Sweet words are not born in silence — above all, they are born through sharing, through hugs, and through understanding. That is the message conveyed by the wonderful Rijeka actors David Petrović, Tilen Kožamelj, and Petra Šarac, who — and “brilliantly” hardly seems enough — delivered a masterful performance of Sweet Words, produced by their home theatre, the Rijeka City Puppet Theatre.
They moved almost the entire audience to tears, and the crowd rewarded them with thunderous applause, cries of “bravo,” and a long standing ovation, refusing to let them leave the stage. In the five-year history of the Novi Sad Theatre Festival, no performance has ever been received like this — and we have seen some truly exceptional productions. Simply put: blessed are the childhoods shaped by performances from this Rijeka theatre, and by theatre like this in general.
Although every actor shone in the story of little hamster Lola, her parents, brother, friend, and crush, it was actress Petra Šarac who spoke after the performance about the tenderness and attentiveness at the heart of Sweet Words. Clearly moved herself by the audience’s reaction in Novi Sad, she reminded us — through the delicacy of her acting and her words — what an incredibly beautiful feeling it is to be gentle and kind.
During your childhood, where and how did you find those important “sweet words”?
I grew up in Osijek, right across from the Children’s Theatre. Every weekend, my mother, my brother, and I went to the theatre. We watched every production twenty times over. We had our own seats, we knew all the actors, and some of them retired recently, which made me feel as though my childhood had retired too.
What I especially remember is that after every performance my mother would talk to us about what we had watched — exactly the way discussions are held after performances here at the Novi Sad Theatre Festival. She would ask us what mattered to us, what did not, what was beautiful and what was not, what lesson we could take away, what we had learned from the play.
My mother was very aware of how important that was, but I worry whether parents today — especially surrounded by so much technology — can remain equally aware, because the easiest way to entertain a child is simply to hand them a phone. And in that way, human contact gets lost, that living exchange of emotions and thoughts.
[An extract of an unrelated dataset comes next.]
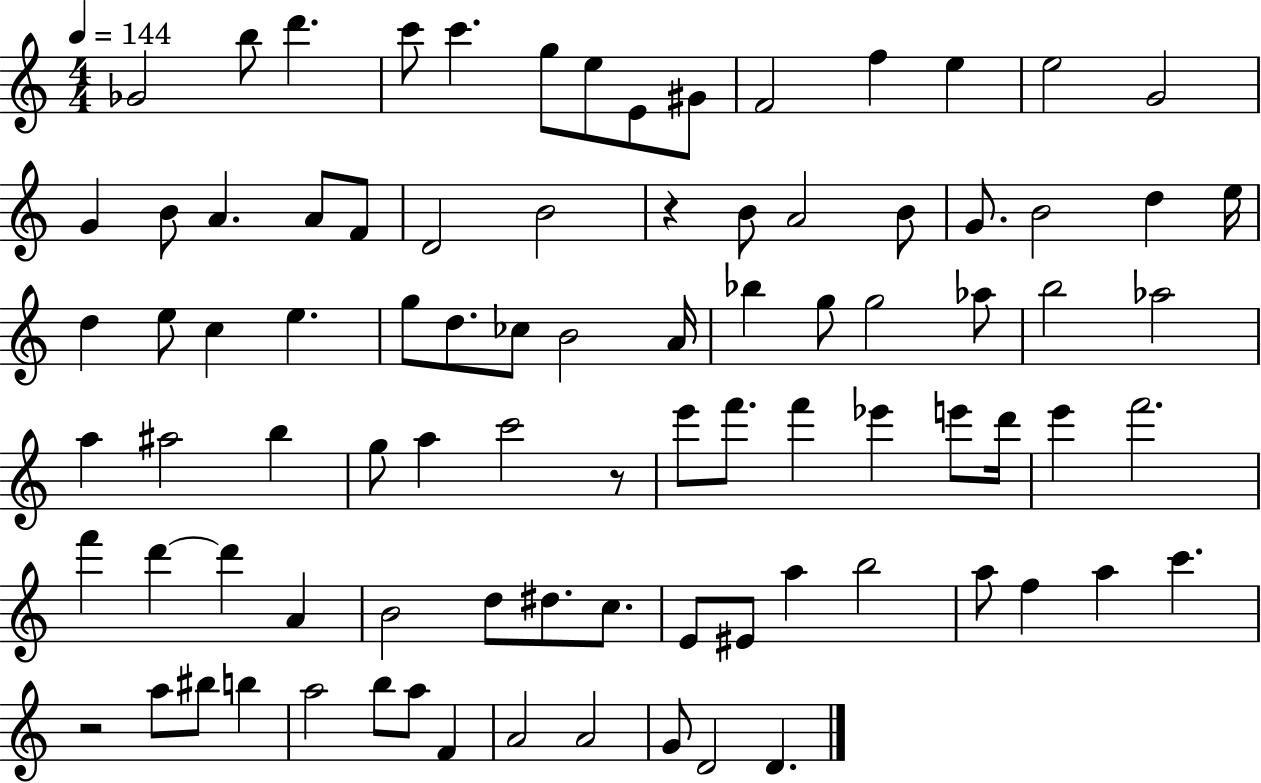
Gb4/h B5/e D6/q. C6/e C6/q. G5/e E5/e E4/e G#4/e F4/h F5/q E5/q E5/h G4/h G4/q B4/e A4/q. A4/e F4/e D4/h B4/h R/q B4/e A4/h B4/e G4/e. B4/h D5/q E5/s D5/q E5/e C5/q E5/q. G5/e D5/e. CES5/e B4/h A4/s Bb5/q G5/e G5/h Ab5/e B5/h Ab5/h A5/q A#5/h B5/q G5/e A5/q C6/h R/e E6/e F6/e. F6/q Eb6/q E6/e D6/s E6/q F6/h. F6/q D6/q D6/q A4/q B4/h D5/e D#5/e. C5/e. E4/e EIS4/e A5/q B5/h A5/e F5/q A5/q C6/q. R/h A5/e BIS5/e B5/q A5/h B5/e A5/e F4/q A4/h A4/h G4/e D4/h D4/q.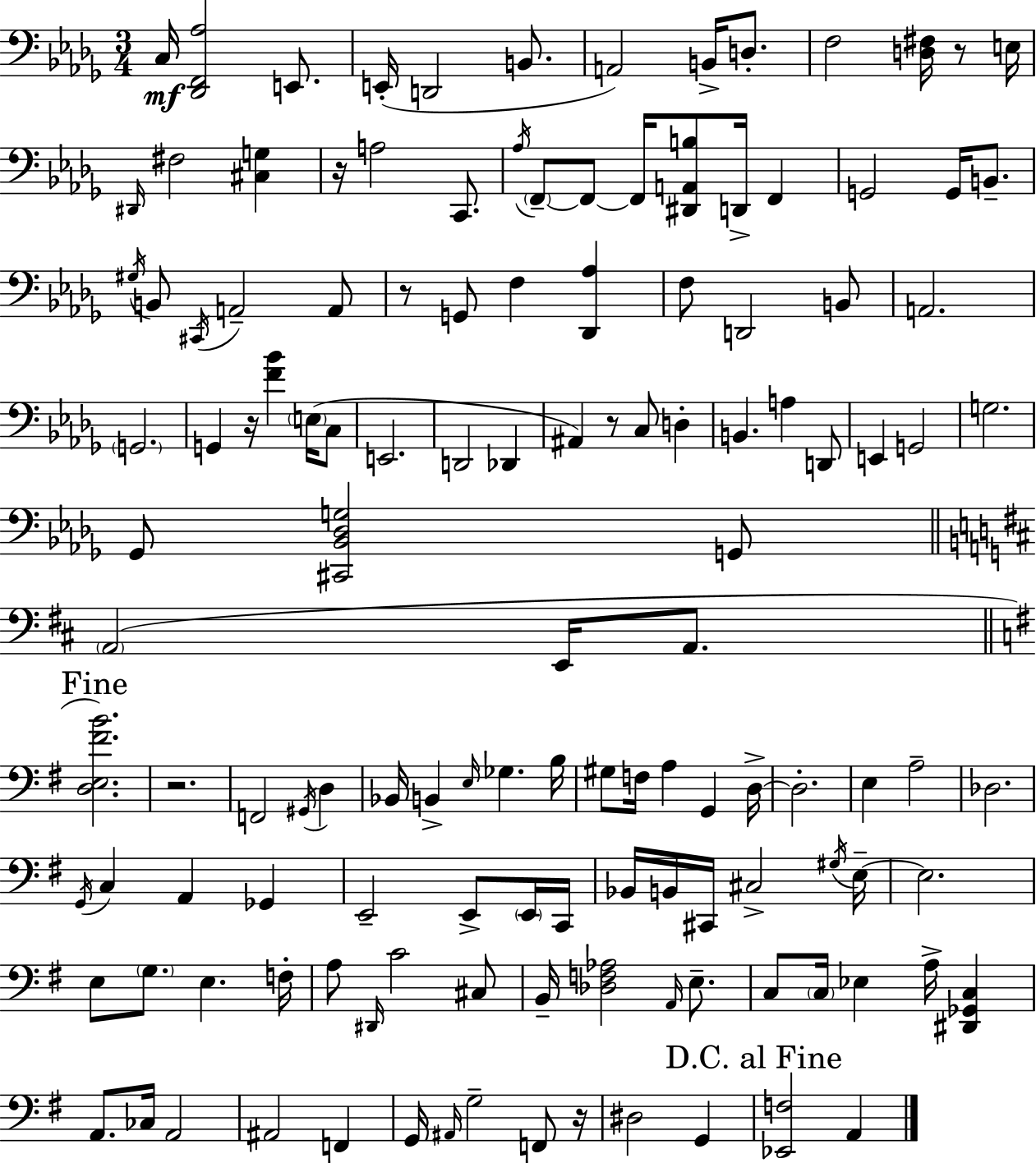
C3/s [Db2,F2,Ab3]/h E2/e. E2/s D2/h B2/e. A2/h B2/s D3/e. F3/h [D3,F#3]/s R/e E3/s D#2/s F#3/h [C#3,G3]/q R/s A3/h C2/e. Ab3/s F2/e F2/e F2/s [D#2,A2,B3]/e D2/s F2/q G2/h G2/s B2/e. G#3/s B2/e C#2/s A2/h A2/e R/e G2/e F3/q [Db2,Ab3]/q F3/e D2/h B2/e A2/h. G2/h. G2/q R/s [F4,Bb4]/q E3/s C3/e E2/h. D2/h Db2/q A#2/q R/e C3/e D3/q B2/q. A3/q D2/e E2/q G2/h G3/h. Gb2/e [C#2,Bb2,Db3,G3]/h G2/e A2/h E2/s A2/e. [D3,E3,F#4,B4]/h. R/h. F2/h G#2/s D3/q Bb2/s B2/q E3/s Gb3/q. B3/s G#3/e F3/s A3/q G2/q D3/s D3/h. E3/q A3/h Db3/h. G2/s C3/q A2/q Gb2/q E2/h E2/e E2/s C2/s Bb2/s B2/s C#2/s C#3/h G#3/s E3/s E3/h. E3/e G3/e. E3/q. F3/s A3/e D#2/s C4/h C#3/e B2/s [Db3,F3,Ab3]/h A2/s E3/e. C3/e C3/s Eb3/q A3/s [D#2,Gb2,C3]/q A2/e. CES3/s A2/h A#2/h F2/q G2/s A#2/s G3/h F2/e R/s D#3/h G2/q [Eb2,F3]/h A2/q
I think the value of our play lies precisely in the fact that it reminds us of the importance of human communication. If parents remember how important conversation, tenderness, and attentiveness are, and begin to practice them themselves, then children — who absorb everything like sponges and intuitively feel everything — will begin to behave that way too. I think we adults are the ones who really struggle with this.
Which “sweet words” are important to say today in the theatre, among colleagues and collaborators? What is important to say out loud?
“Sorry.” That word is very important to me.
I see that people find it incredibly difficult to say because they experience it as some kind of defeat. I do not know why apologizing and admitting mistakes is so difficult, because mistakes are actually pathways toward becoming better.
If you make a mistake and someone points it out to you, then you correct it, and next time you will not repeat it. That means you become better and wiser than before. Every “I’m sorry” helps shape me into a better person.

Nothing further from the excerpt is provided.